**Available data:**
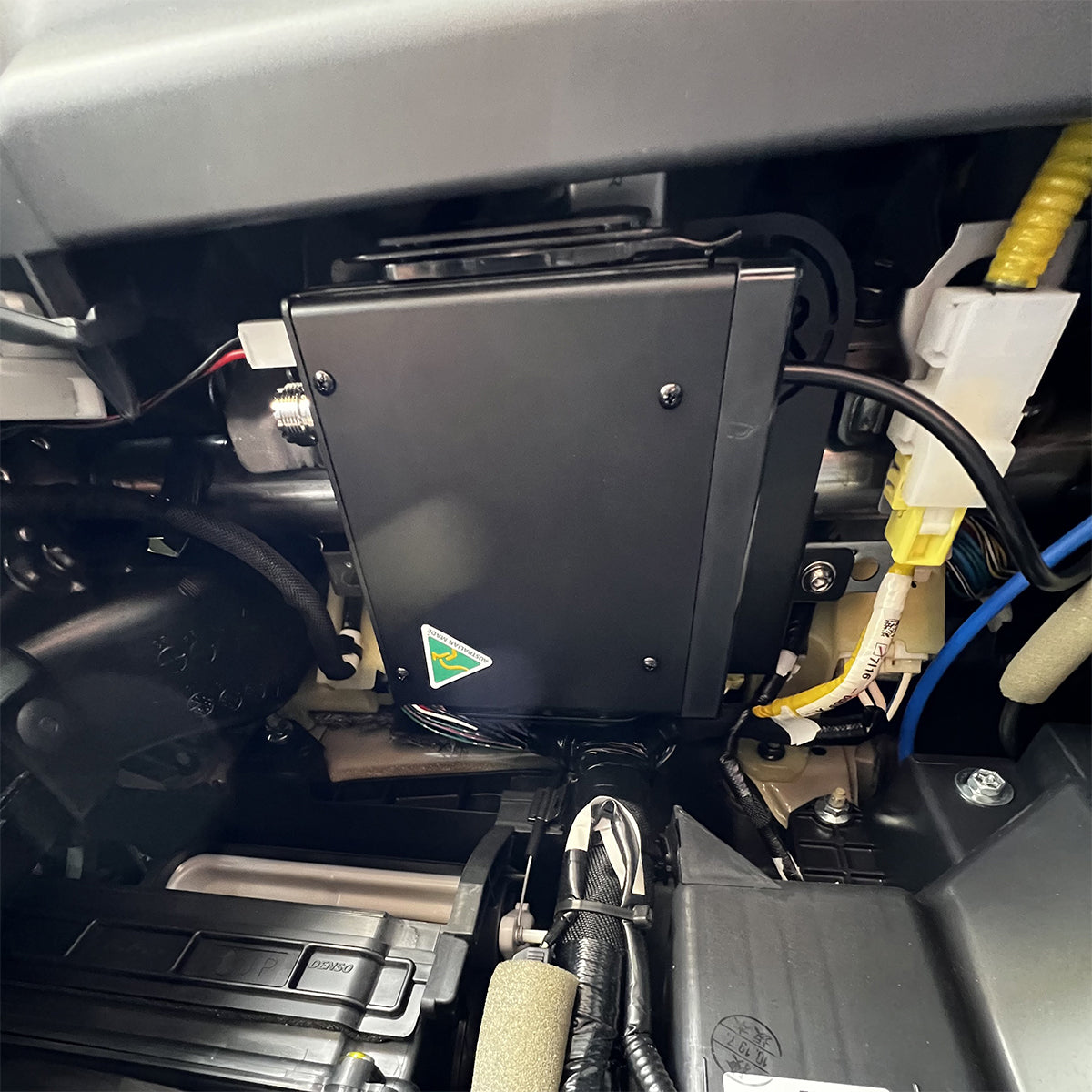 UHF Bracket – Toyota Landcruiser 70 Series Range up to MY2021 – Behind Dash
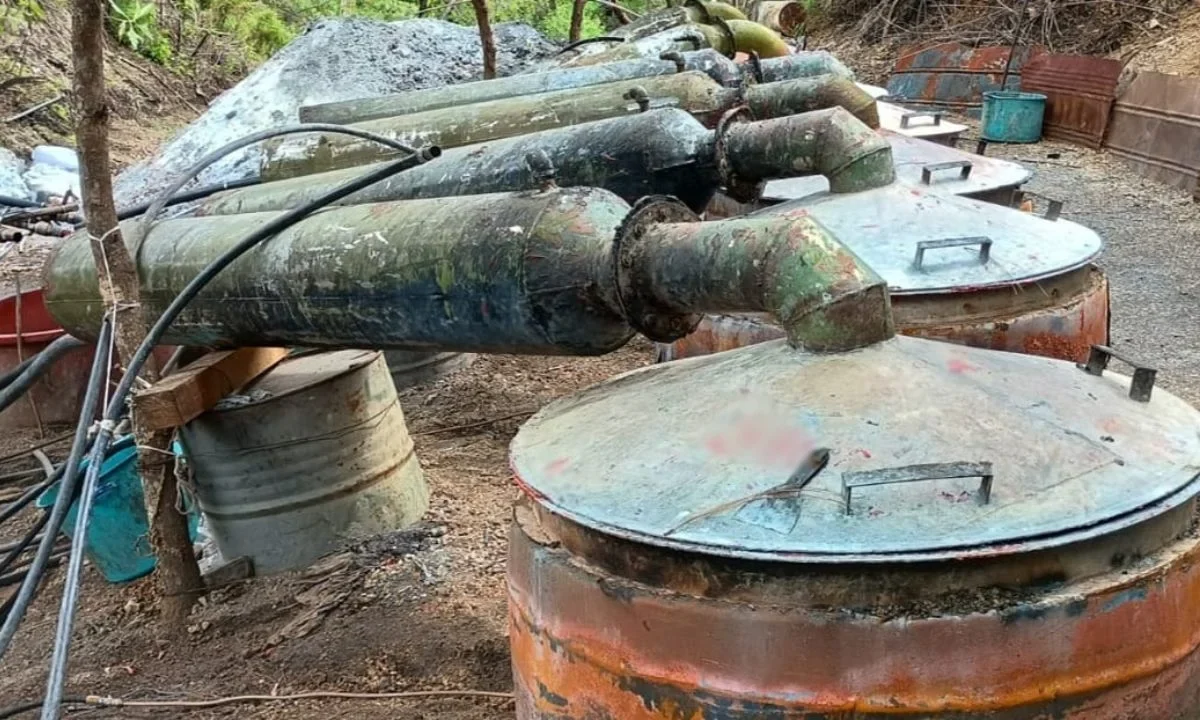 En Nayarit destruyen 'narco laboratorio' de metanfetamina con valor de 4.7 mmdp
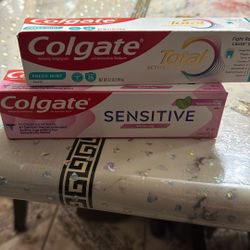 Colgate Toothpaste  Cada Uno 3.99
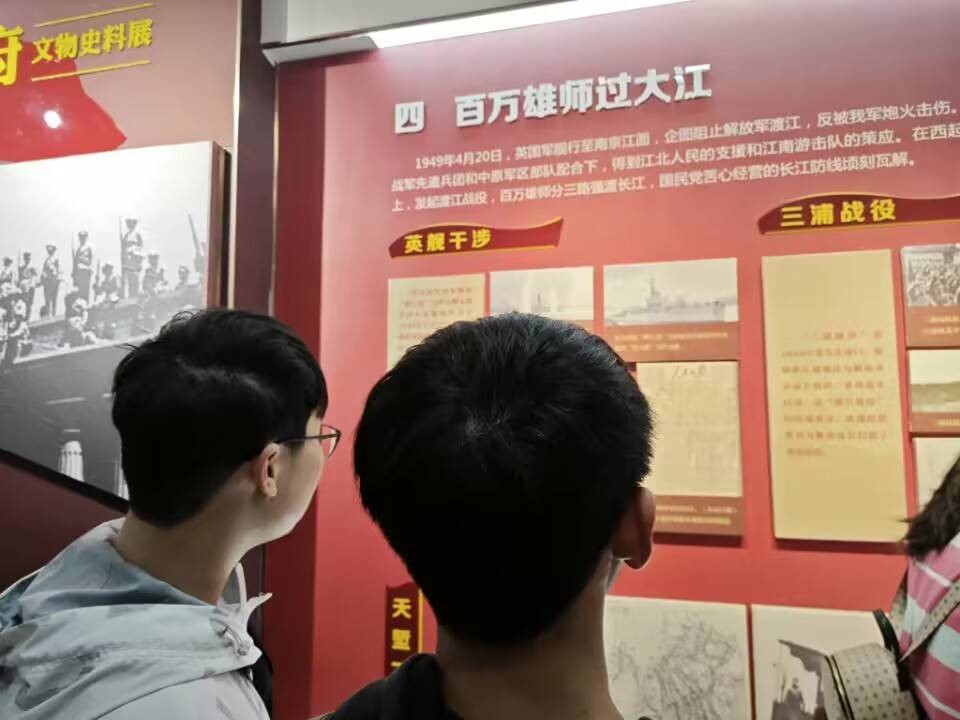 圖為實踐隊員尹子豪、趙鑫閱讀史料。 鄭天銘攝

**Assignment:**
Return only what lies between the line containing "Cada Uno 3.99" and the last line of the listing, those two lines included, exactly as written and with no pictures.

**Result of the exercise:**
 Colgate Toothpaste  Cada Uno 3.99
 圖為實踐隊員尹子豪、趙鑫閱讀史料。 鄭天銘攝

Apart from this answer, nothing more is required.